Repeat all of the records exactly, leaving out the pictures.

______________________________

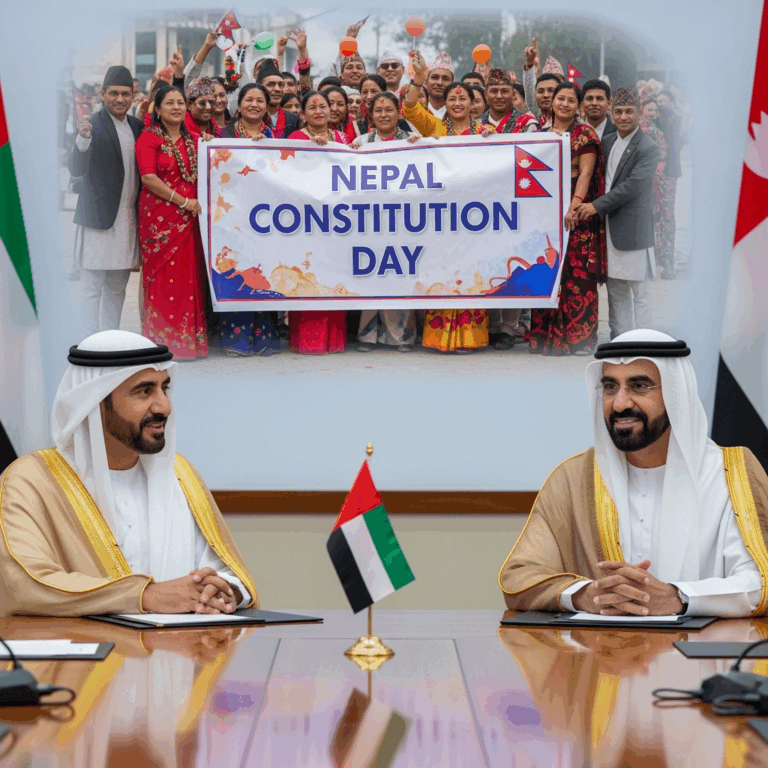 Illustration for: UAE Leaders Congratulate Nepal on Constitution Day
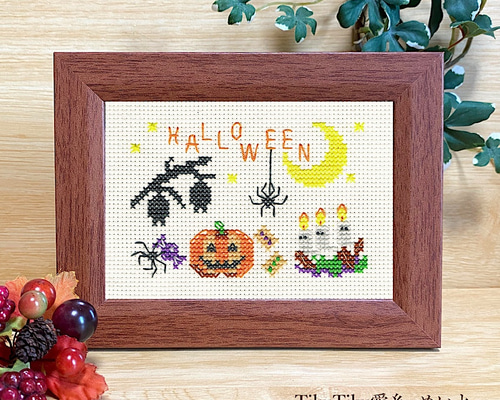 クロスステッチ完成品布のみ】L判サイズ ハロウィン その他インテリア
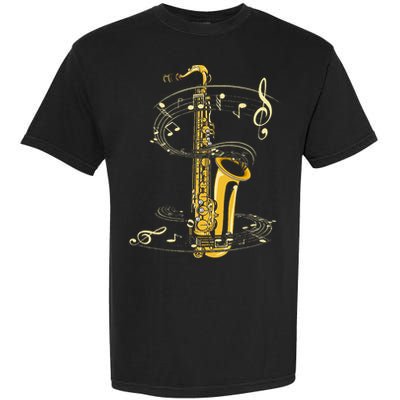 Music Notes Treble Clef Saxophonist Jazz Musician Saxophone Garment-Dyed Heavyweight T-Shirt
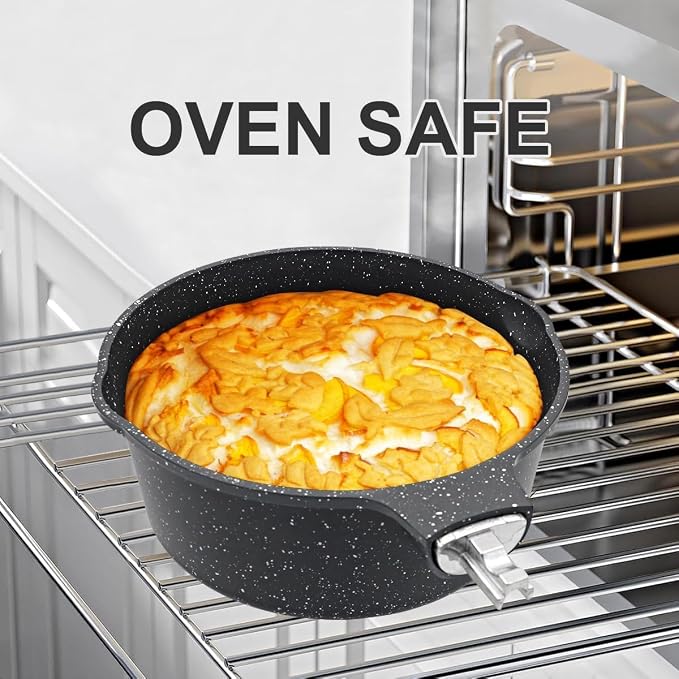 2 Qt Nonstick Saucepan with Lid, Sauce Pot with Pour Spout, Black | Detachable Handle, Suitable for All Stoves, Including Induction, Oven Safe, PTFE & PFAS & PFOA Free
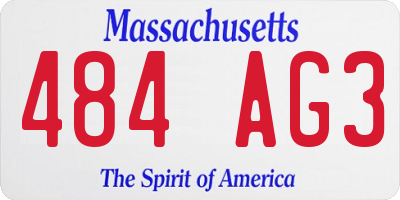 MA license plate 484AG3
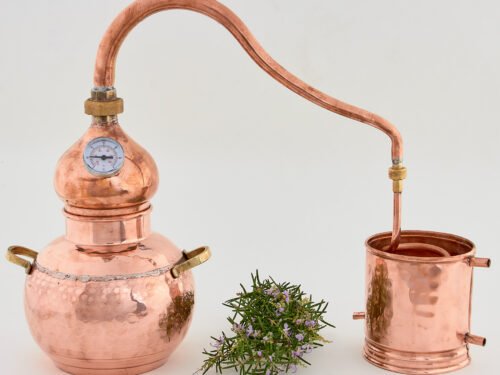 Alambic en cuivre premium 2 litres avec double raccord fileté, thermomètre et grille optionnelle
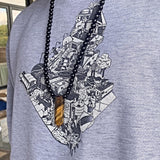 Black Tourmaline Beaded Necklace with Tiger Eye Pendant: Mens Protection Stone Jewelry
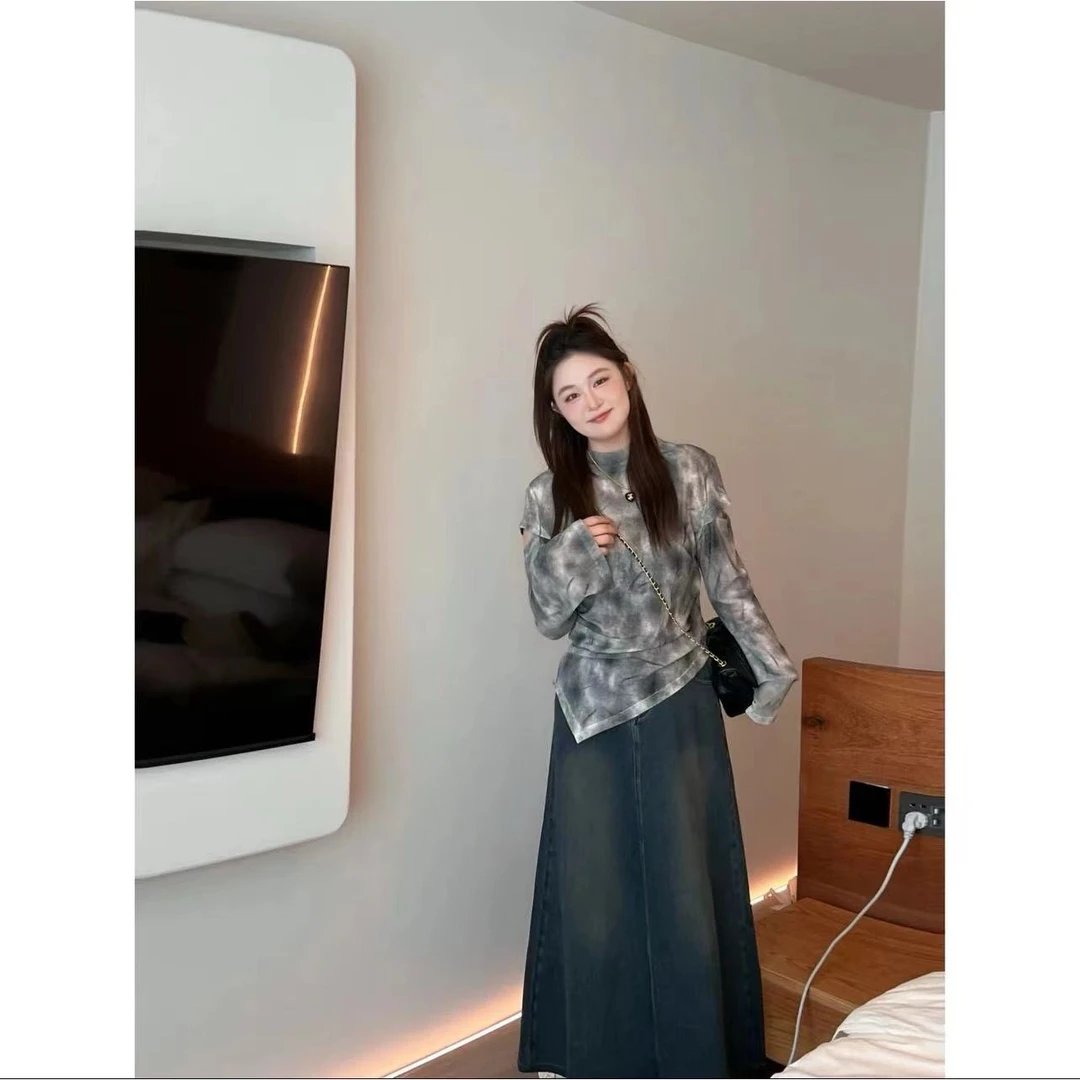 晓晓大码长袖T恤新款秋季收腰显瘦不规则上衣薄款镂空体恤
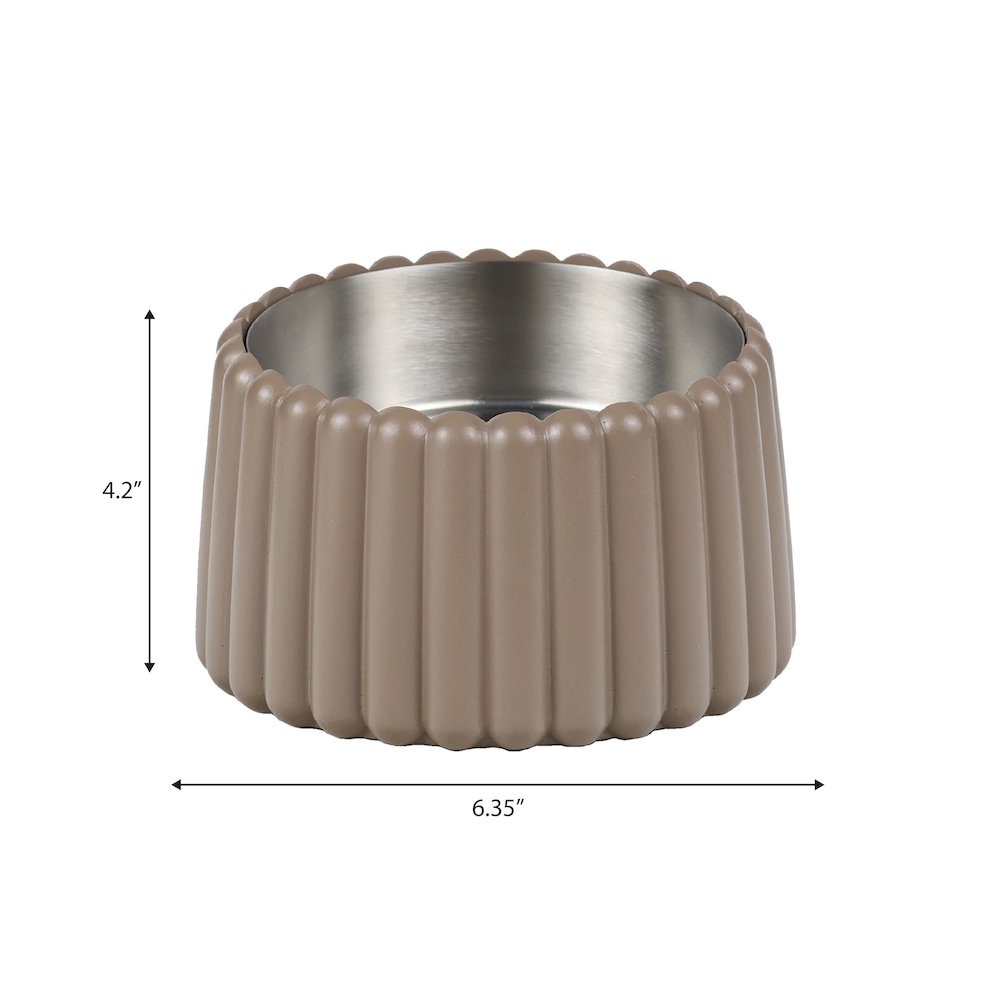 Ripple Ridge  Slanted Concrete and Stainless Steel Bowl 16oz (2 Cups) Pet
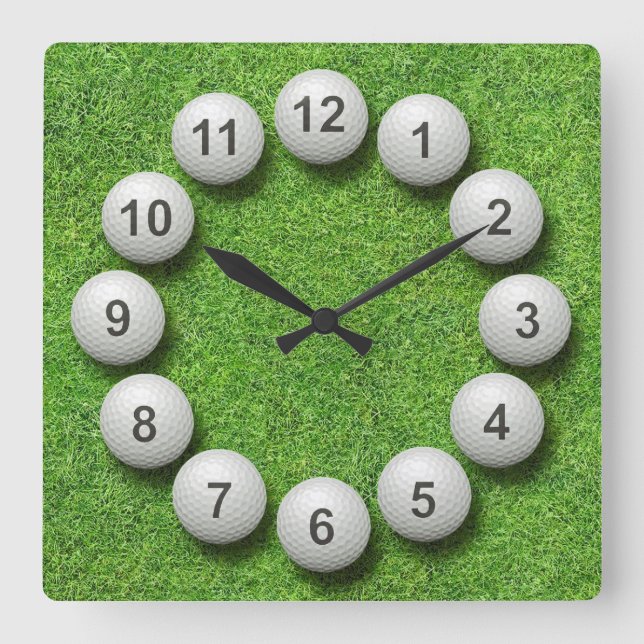 GolfbälleTimepiece Quadratische Wanduhr (Vorderseite)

______________________________

> **RESPONSE FOR THIS EXERCISE**:
 Illustration for: UAE Leaders Congratulate Nepal on Constitution Day
 クロスステッチ完成品布のみ】L判サイズ ハロウィン その他インテリア
 Music Notes Treble Clef Saxophonist Jazz Musician Saxophone Garment-Dyed Heavyweight T-Shirt
 2 Qt Nonstick Saucepan with Lid, Sauce Pot with Pour Spout, Black | Detachable Handle, Suitable for All Stoves, Including Induction, Oven Safe, PTFE & PFAS & PFOA Free
 MA license plate 484AG3
 Alambic en cuivre premium 2 litres avec double raccord fileté, thermomètre et grille optionnelle
 Black Tourmaline Beaded Necklace with Tiger Eye Pendant: Mens Protection Stone Jewelry
 晓晓大码长袖T恤新款秋季收腰显瘦不规则上衣薄款镂空体恤
 Ripple Ridge  Slanted Concrete and Stainless Steel Bowl 16oz (2 Cups) Pet
 GolfbälleTimepiece Quadratische Wanduhr (Vorderseite)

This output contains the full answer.